NOTES TO CONSOLIDATED CONDENSED FINANCIAL STATEMENTS
(Millions of dollars, except per share amounts)
1. Condensed Financial Statements
Montgomery Ward Holding Corp. (the Company or MW Holding)
conducts its operations through its only direct subsidiary,
Montgomery Ward & Co., Incorporated (Montgomery Ward). In the
opinion of management, the unaudited financial statements of the
Company include all adjustments necessary for a fair presentation.

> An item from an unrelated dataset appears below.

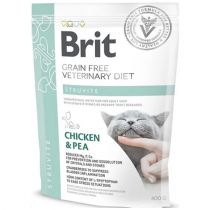 Сухий корм Brit GF Veterinary Diets Cat Struvite, для дорослих котів, 400 г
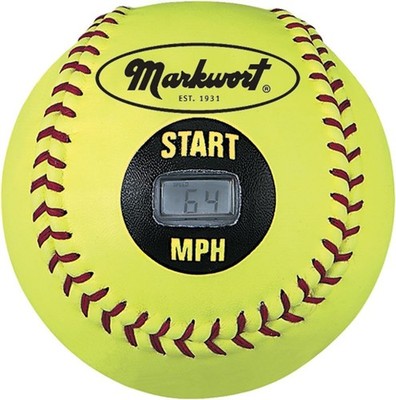 Markwort SPEED SENSOR SENSING SOFTBALL 12 in Radar Indicator Indicating Ball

All such adjustments are of a normal recurring nature. The
condensed financial statements should be read in the context of the
financial statements and notes thereto filed with the Securities
and Exchange Commission in MW Holding's 1993 Annual Report on Form
10-K. Income from investments of insurance operations for 1993 has
been reclassified from Interest expense, net to Direct response
marketing revenues. Certain other prior period amounts have also
been reclassified to be comparable with the current period
presentation.
Effective January 2, 1994, the Company adopted Statement of
Financial Accounting Standards No. 115, "Accounting for Certain
Investments in Debt and Equity Securities" (FAS No. 115). Under
FAS No. 115, all debt securities are classified as "available-for-
sale" and are stated at fair market value with all changes in
unrealized gains or losses included in Shareholders' Equity. The
adoption of FAS No. 115 increased Investments of insurance
operations by $17, Deferred income taxes by $6 and Unrealized gain
on equity securities by $11 and had no impact on the results of
operations of the Company.
<PAGE>
MONTGOMERY WARD HOLDING CORP.
NOTES TO CONSOLIDATED CONDENSED FINANCIAL STATEMENTS
(Millions of dollars, except per share amounts)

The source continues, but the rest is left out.